Once you decide to use migrations - use them starting from your local machine and ending on production.

7. Don't waste your time on writing Down migrations

I had been doing this for long time. Trust me - it's not worth it. I didn't run down migration even once in my life in production. There is a interesting discussion about down migrations on dbup github issues - check it out. I fully agree with some people there saying that writing down migrations is a big overhead for the team and mostly it will be faster to just rollup a bugfix or in the worst case restore a backup.

8. Migrations on application startup are a bad idea

Unfortunately this is something really common in .Net people that are fans of EntityFramework. Your application is the application that solves business problems (mostly) thus shouldn't deal with database schema and will tell you why:

  • Security reason. Your application database user shouldn't have the right to create/drop database object (unless you are doing something extra specific - in most cases you don't). Read/Write should be enough.
  • Scaling - Imagine you want to deploy your app in 5 instances. Now you have to deal with 5 processes concurrently running migrations into one database instead of one. Good luck.
  • You will be able to deploy you app with migrations that can't be executed properly. This will simply bring the application down. When the migrations are separated you can first deploy migrations and if this step was successful then the app. You can ignore those errors on app startup but this is a way to loose control.
  • You will introduce mental coupling. After some time everyone will assume that the new code only runs with the newest database schema. This can be harmful when you want to consider blue/green deploy or canary releases. In this approaches your app should be able to work with the older schema version.

9. Dockerize your migrations

It's not something necessary but this can increase your productivity. Check my post on how to do it with postgres and dbup (but doing this with other relational databases should be similar).

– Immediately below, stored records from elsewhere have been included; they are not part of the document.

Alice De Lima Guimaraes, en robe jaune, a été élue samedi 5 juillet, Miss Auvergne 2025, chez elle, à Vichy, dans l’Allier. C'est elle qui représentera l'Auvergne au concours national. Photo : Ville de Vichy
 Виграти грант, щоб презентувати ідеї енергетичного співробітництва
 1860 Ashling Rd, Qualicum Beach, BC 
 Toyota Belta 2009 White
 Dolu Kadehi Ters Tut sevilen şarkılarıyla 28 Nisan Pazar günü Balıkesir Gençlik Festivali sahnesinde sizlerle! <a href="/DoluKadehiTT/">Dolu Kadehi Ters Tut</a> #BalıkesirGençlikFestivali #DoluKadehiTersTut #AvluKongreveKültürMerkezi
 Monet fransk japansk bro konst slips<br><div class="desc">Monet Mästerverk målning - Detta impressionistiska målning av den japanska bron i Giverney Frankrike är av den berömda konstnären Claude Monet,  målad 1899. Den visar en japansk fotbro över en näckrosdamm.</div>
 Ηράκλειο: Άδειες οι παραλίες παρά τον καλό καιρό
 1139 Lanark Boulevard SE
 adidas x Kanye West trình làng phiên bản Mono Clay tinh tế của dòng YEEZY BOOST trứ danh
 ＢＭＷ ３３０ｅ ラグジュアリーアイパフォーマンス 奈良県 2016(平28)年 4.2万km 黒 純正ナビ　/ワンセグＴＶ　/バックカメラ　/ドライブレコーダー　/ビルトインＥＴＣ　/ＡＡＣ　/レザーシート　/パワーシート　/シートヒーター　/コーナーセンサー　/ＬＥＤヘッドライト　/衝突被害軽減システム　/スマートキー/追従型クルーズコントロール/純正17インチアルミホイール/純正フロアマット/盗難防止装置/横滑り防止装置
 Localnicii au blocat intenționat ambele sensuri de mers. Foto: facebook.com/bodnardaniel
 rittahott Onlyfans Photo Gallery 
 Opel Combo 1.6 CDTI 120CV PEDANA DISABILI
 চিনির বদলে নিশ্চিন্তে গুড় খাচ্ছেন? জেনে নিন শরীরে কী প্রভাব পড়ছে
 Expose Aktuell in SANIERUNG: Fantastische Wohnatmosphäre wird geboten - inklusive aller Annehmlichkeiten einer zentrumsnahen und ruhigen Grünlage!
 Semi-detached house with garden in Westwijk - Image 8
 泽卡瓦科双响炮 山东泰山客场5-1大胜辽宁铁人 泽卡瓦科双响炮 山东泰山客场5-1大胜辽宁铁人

10. Don't be afraid to talk about migrations with business representatives

Sometimes you simply have to ask about default values for new columns - in the business people language of course. For example:

Hey, I am just finishing adding the account number to our customers but I don't know what should we put there for the existing ones. Should this be some kind of N/A to be filled later by our admin-users or You want me to fill them in advance with the file you will provide to me?

11. Migrations scripts should be idempotent

This means that your scripts should be wrapped with code that checks for database objects existence. For example: CREATE TABLE IF NOT EXISTS <tablename>, or ALTER TABLE if exists <tablename> add if not exists <columnname> <columntype> in postgres or for sql server:

IF NOT EXISTS (
  SELECT * 
  FROM   sys.columns 
  WHERE  object_id = OBJECT_ID(N'[dbo].[<tablename>]') 
         AND name = '<columnname>'
)

and so on. The migrator tracks scripts that have already been executed, but when your have idempotence you can easily switch from one migrator to the other one (being specific-tool independent is good practice). Just move the migrations-scripts to a new project then execute.

Summary

I hope that these tips will make your life easier. With some extra awareness while writing database migration you can save some mistakes that I had been making. Good luck!